Pope Francis meets with India's Prime Minister Modi at the Vatican. October 30, 2021. Vatican Media/Handout via REUTERS
Pope Francis meets with India's Prime Minister Modi at the Vatican. October 30, 2021. Vatican Media/Handout via REUTERS

Indian Prime Minister Narendra Modi on Saturday invited Pope Francis to visit the country, extending an official opening after plans for a 2017 papal visit fell apart.

“I would like to see you in India," Modi told Francis as he bade him farewell after an unusually long, 55-minute audience at the Vatican. “On my part, it would be an honor to receive you there.”

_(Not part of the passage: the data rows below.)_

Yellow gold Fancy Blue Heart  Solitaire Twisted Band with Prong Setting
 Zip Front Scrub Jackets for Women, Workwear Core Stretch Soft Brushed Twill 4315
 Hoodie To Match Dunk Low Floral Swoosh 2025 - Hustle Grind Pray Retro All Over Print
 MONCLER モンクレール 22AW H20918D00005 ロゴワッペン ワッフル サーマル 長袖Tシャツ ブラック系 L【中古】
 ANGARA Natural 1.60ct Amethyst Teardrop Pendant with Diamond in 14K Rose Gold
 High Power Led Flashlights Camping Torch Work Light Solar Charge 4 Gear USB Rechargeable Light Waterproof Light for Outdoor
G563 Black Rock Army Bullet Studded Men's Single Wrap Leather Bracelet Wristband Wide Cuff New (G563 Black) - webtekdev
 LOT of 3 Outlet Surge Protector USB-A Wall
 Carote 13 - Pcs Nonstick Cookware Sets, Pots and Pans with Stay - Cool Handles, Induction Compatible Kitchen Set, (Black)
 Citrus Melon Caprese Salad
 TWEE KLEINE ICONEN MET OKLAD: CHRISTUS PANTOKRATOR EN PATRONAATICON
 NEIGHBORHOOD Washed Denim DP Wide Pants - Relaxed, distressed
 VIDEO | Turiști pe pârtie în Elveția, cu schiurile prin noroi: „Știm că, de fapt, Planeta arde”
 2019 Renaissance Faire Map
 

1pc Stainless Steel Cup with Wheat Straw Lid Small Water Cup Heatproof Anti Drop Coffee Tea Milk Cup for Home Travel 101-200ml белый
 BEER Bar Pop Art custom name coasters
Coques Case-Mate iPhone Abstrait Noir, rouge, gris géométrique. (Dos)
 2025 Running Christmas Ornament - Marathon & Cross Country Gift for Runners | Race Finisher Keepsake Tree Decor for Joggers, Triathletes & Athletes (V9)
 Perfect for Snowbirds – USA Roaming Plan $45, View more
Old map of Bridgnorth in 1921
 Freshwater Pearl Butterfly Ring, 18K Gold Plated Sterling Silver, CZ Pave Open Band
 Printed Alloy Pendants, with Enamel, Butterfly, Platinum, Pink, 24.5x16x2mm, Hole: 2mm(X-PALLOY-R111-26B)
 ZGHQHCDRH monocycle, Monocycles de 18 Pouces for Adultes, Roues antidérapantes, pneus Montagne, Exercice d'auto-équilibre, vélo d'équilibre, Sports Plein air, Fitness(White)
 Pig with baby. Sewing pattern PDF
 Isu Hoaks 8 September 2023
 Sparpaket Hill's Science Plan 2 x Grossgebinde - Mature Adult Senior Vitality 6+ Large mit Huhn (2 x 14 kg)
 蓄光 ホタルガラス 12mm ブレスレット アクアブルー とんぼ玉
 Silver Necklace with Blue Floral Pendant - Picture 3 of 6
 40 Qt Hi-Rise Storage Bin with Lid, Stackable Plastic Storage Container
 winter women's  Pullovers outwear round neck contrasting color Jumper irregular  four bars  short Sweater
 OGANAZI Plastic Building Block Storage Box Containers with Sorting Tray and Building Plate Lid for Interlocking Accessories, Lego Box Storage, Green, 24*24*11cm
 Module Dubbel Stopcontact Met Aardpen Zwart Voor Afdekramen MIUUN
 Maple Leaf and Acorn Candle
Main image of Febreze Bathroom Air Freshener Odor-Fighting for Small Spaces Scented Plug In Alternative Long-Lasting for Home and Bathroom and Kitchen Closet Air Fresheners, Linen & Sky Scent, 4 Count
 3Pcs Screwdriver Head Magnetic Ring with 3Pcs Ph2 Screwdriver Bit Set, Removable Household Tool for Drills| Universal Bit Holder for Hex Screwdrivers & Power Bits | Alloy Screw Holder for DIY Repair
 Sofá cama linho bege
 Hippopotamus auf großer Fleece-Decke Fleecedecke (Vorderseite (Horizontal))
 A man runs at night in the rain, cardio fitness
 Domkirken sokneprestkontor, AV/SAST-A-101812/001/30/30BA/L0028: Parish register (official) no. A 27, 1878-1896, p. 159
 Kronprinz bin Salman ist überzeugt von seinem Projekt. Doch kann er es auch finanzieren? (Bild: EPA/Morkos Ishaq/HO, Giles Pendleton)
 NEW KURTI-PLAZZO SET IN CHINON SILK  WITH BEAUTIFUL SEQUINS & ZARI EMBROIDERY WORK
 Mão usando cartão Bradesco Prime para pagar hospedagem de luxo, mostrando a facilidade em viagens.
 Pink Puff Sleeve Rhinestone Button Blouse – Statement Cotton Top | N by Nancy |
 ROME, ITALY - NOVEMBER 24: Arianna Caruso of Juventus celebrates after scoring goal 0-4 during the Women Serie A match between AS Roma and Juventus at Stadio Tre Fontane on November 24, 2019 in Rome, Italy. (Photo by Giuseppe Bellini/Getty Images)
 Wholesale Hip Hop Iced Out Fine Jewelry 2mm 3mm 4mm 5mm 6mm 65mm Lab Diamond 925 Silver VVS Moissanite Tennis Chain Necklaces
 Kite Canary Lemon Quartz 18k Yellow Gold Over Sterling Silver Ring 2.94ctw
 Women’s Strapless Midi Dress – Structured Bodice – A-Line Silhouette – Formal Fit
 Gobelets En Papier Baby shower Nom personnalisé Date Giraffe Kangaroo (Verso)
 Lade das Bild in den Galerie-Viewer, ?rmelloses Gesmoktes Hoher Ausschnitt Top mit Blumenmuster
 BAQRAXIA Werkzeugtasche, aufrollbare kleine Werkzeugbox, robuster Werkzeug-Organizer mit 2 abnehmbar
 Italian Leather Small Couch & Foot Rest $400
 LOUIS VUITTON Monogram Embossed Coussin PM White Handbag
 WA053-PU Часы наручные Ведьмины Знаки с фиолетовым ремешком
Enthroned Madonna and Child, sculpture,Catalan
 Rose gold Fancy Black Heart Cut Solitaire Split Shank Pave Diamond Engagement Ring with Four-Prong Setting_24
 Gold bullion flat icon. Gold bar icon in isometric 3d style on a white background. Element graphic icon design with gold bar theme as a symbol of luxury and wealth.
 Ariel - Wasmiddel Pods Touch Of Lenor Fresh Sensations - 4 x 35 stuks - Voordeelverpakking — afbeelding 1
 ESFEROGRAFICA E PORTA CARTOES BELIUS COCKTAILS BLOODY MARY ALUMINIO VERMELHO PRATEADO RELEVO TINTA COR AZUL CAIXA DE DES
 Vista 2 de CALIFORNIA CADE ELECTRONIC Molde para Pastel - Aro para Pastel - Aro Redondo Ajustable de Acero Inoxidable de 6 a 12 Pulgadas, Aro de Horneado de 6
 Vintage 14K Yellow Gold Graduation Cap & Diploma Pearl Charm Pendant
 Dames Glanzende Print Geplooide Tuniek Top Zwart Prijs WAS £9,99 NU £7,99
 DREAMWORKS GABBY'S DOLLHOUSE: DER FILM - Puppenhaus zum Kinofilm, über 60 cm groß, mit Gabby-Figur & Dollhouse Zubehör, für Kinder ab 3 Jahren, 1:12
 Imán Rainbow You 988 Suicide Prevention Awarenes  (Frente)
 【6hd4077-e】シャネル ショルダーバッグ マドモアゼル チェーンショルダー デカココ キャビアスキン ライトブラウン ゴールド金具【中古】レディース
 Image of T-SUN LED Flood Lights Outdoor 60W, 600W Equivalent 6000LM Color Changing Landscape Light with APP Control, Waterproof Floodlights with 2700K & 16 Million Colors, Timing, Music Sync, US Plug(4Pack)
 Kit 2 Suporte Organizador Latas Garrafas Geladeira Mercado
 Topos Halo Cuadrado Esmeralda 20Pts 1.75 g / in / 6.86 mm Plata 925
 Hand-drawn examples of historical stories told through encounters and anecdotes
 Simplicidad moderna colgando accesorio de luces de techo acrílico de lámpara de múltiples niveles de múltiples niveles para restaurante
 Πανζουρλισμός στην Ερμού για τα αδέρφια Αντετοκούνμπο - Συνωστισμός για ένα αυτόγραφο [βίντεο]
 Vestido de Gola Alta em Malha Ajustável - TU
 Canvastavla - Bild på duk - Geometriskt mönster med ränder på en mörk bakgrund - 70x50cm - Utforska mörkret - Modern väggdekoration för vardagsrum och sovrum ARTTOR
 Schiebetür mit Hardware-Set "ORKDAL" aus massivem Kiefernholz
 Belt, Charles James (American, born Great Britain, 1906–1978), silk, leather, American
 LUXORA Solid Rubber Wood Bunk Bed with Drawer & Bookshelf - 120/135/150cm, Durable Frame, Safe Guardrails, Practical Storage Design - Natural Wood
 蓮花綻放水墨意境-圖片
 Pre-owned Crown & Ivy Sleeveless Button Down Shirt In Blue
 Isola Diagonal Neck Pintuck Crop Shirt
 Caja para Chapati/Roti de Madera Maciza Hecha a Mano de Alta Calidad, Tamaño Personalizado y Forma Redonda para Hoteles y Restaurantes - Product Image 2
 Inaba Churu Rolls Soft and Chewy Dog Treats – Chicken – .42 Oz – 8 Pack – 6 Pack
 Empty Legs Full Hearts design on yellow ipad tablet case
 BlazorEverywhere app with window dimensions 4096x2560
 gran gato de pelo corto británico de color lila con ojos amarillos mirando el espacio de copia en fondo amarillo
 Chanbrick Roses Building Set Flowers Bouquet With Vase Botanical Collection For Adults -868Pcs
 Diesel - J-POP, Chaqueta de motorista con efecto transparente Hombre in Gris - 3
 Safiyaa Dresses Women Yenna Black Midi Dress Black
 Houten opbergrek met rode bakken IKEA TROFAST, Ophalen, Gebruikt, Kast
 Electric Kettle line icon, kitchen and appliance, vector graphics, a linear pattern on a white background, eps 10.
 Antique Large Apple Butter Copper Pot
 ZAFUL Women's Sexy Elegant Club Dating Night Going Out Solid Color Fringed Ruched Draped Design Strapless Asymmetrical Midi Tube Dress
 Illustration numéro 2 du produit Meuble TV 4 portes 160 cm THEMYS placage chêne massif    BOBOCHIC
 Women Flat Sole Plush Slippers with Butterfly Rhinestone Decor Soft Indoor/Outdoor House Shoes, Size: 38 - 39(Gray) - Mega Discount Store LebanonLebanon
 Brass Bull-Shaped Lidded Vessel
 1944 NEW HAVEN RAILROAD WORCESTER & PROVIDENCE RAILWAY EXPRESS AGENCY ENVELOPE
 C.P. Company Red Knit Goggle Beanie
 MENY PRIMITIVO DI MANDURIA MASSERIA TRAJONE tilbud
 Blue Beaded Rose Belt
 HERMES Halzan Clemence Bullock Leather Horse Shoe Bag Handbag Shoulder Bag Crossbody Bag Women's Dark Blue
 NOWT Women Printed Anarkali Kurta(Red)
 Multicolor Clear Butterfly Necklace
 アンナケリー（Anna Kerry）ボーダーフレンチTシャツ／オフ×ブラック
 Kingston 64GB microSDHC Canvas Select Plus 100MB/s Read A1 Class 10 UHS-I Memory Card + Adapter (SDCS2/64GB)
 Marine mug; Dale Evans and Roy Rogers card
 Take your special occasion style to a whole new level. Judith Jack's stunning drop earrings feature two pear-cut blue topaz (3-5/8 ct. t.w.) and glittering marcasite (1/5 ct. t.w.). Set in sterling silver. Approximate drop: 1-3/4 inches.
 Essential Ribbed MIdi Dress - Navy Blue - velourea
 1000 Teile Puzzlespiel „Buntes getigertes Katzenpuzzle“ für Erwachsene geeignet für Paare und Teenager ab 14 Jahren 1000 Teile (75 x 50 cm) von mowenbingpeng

Indian Foreign Ministry spokesman Arindam Bagchi said the invitation was to come visit “at an early date” and “was accepted with pleasure.”

Modi is in Rome for the Group of 20 summit, and his visit to the Vatican marked the first time in more than 20 years that an Indian leader has met a pope.

India is home to the second largest Catholic population in Asia after the Philippines, but the roughly 18 million Catholics represent a small minority in the largely Hindu nation of 1.3 billion. Religious tensions have continued to flare after Modi’s hard-line, Hindu nationalist government was returned to power for a second term in 2019, with attacks against Muslims and Christians.

The Vatican’s official communique made no mention of the invitation or the content of Modi's meeting with the pontiff. It said only that Modi’s visit with the Vatican’s secretary of state was brief and that “the cordial relations between the Holy See and India were discussed.”

Francis had hoped to visit India and Bangladesh in 2017. After negotiations with the Indian government dragged on, Francis went instead to Bangladesh and Myanmar. Upon his return to Rome from that trip, Francis acknowledged he had wanted to go to India but that “procedures became protracted, and time was pressing."

But he said it was actually “providential" because “visiting India requires one journey: you must go to the south, to the center, to the east, to the west, to the north for the diverse cultures of India."

He said at the time that he hoped to go in 2018 “if I’m still alive!"

There was never an official explanation given for why the trip fell apart. But religious tensions have intensified since the Hindu nationalist Bharatiya Janata Party swept national elections in 2014 and elected Modi as the country’s prime minister. The country’s minorities, particularly Muslims who roughly make up 14 percent of the population, have been targeted by Hindu groups tied to Modi’s party. Christians have also been attacked and churches targeted.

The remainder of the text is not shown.